Hi Frank - I think you picked a winner with that one. The specs look very good on it, at least in my opinion. 
http://www.freudtools.com/p-45-thin-kerf-combinationbr-nbsp.aspx


----------



## knotscott (Nov 8, 2007)

HandyFrank said:


> ....If you had to recommend a 40 or 50 tooth, would it be the Freud LU83R010? ...


I think you'll like the LU83. It's a very versatile blade that does well in a lot of situations and is easy to get good results with, but it wouldn't necessarily be my top choice. 

If you want to stick with the Freud line, their 40T Freud Fusion thin kerf is well worth a good look...it's from their top Premier line and is the cleanest cutting general purpose/combo blade they offer. It runs about $80 and takes you to the next level for this type of blade. It will leave a very polished edge and has very low tearout...it'll also go to town in plywood. 

With that said, if you want a little cleaner cutting performance, the LU88 leaves a better cut than the vast majority of 40T or 50T blades out there. The LU88 would be ok in your chop saw, as long as it's not a sliding chop saw. 

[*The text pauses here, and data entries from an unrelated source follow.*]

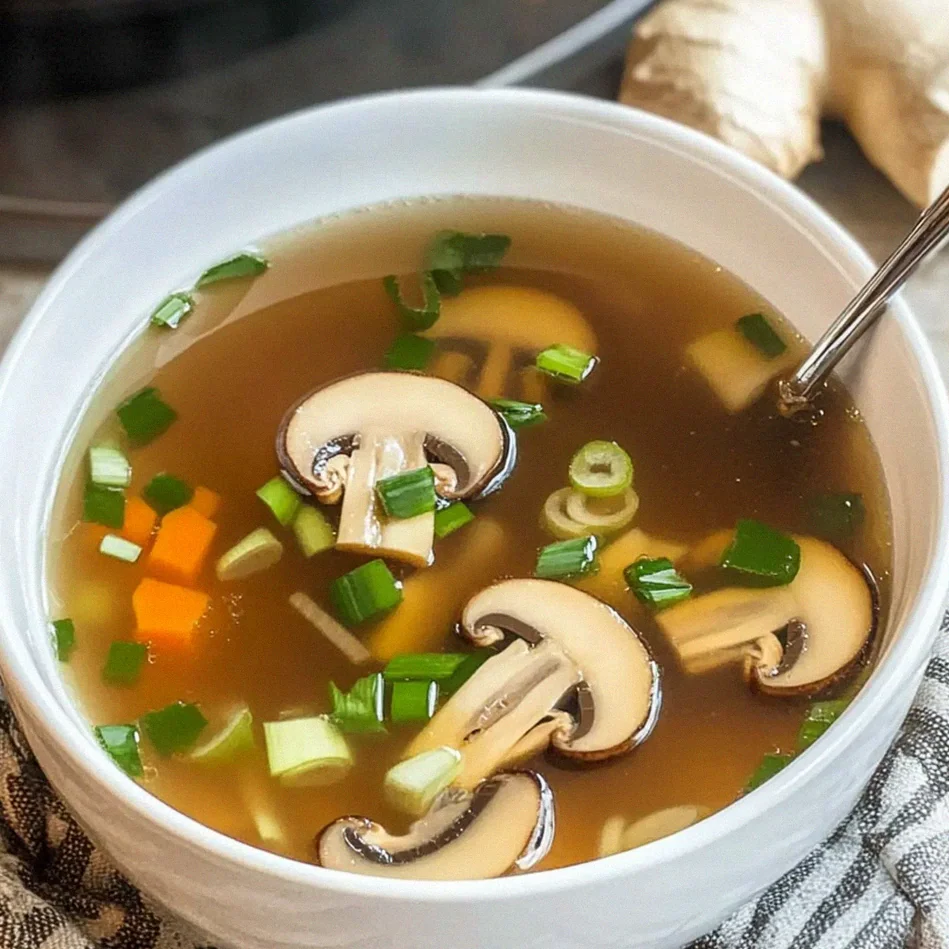 Klarer Suppe: Ein köstliches Rezept für Zuhause – Schritt 2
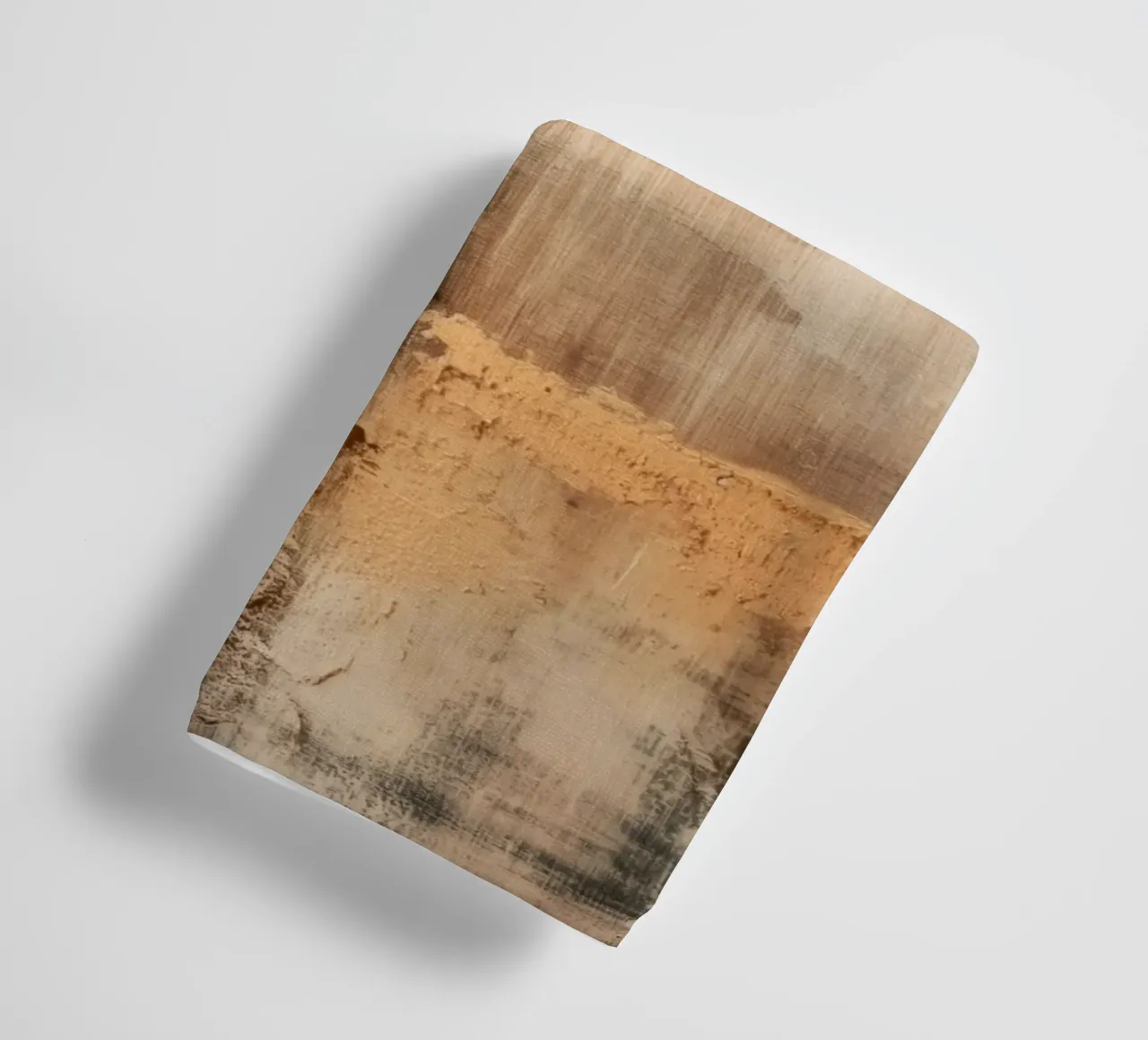 Bruin abstract towel by Imagine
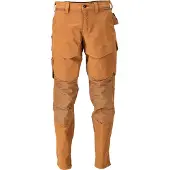 Mascot Customized Broek met Kniezakken Ultimate Stretch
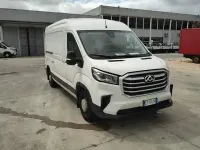 Usata Maxus V90 150 CV (110 kW) 2024 Blanc white Furgone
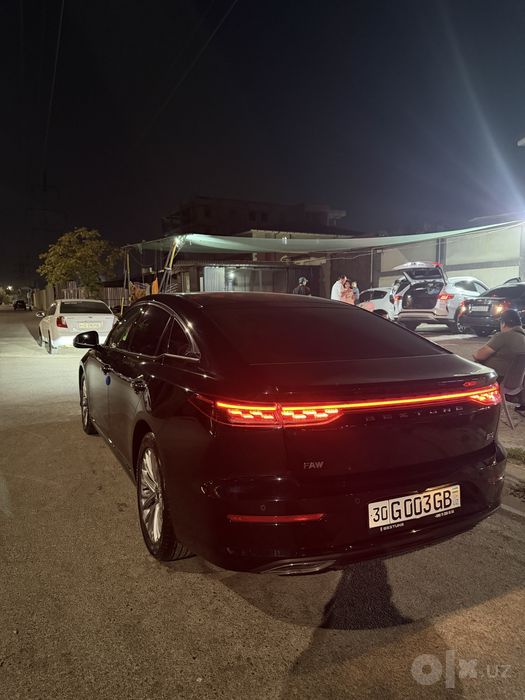 Bestune B70 Restayling full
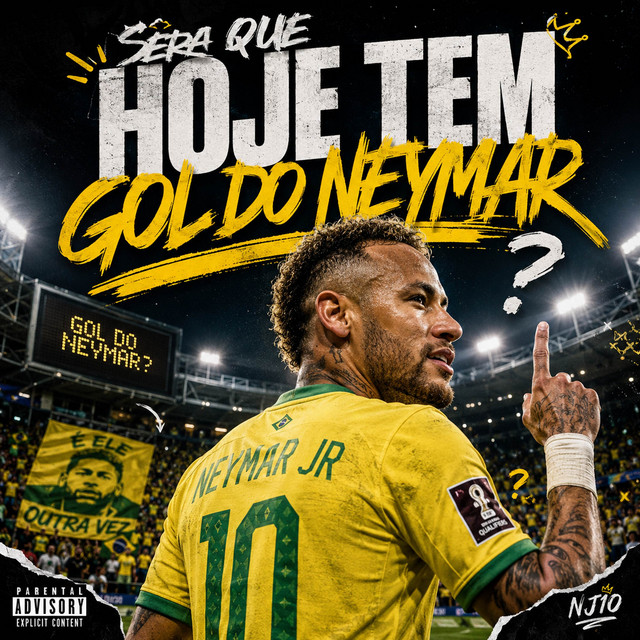SERÁ QUE HOJE TEM GOL DO NEYMAR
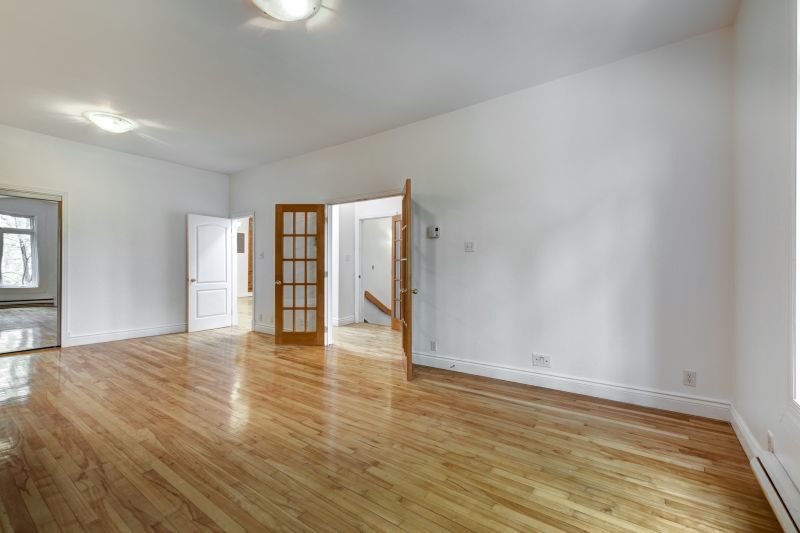 Wide Plank Floor Installation in Bethany Beach, DE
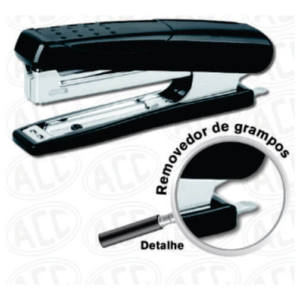 Grampeador ACC-10 Tot Até 15 Folhas
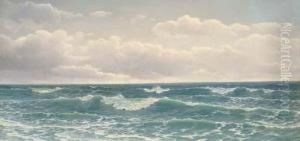 Breaking Waves by David James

I know this is a lot of info to digest, but look at this way... with the blades you've mentioned, you're all but assured a good performer for your saw. We're just trying to help you fine tune the choices.


----------



## Lola Ranch (Mar 22, 2010)

This is what I use. 60 teeth is just right for a 3 hp saw, more teeth than that and you start getting diminishing returns and more drag and heat. 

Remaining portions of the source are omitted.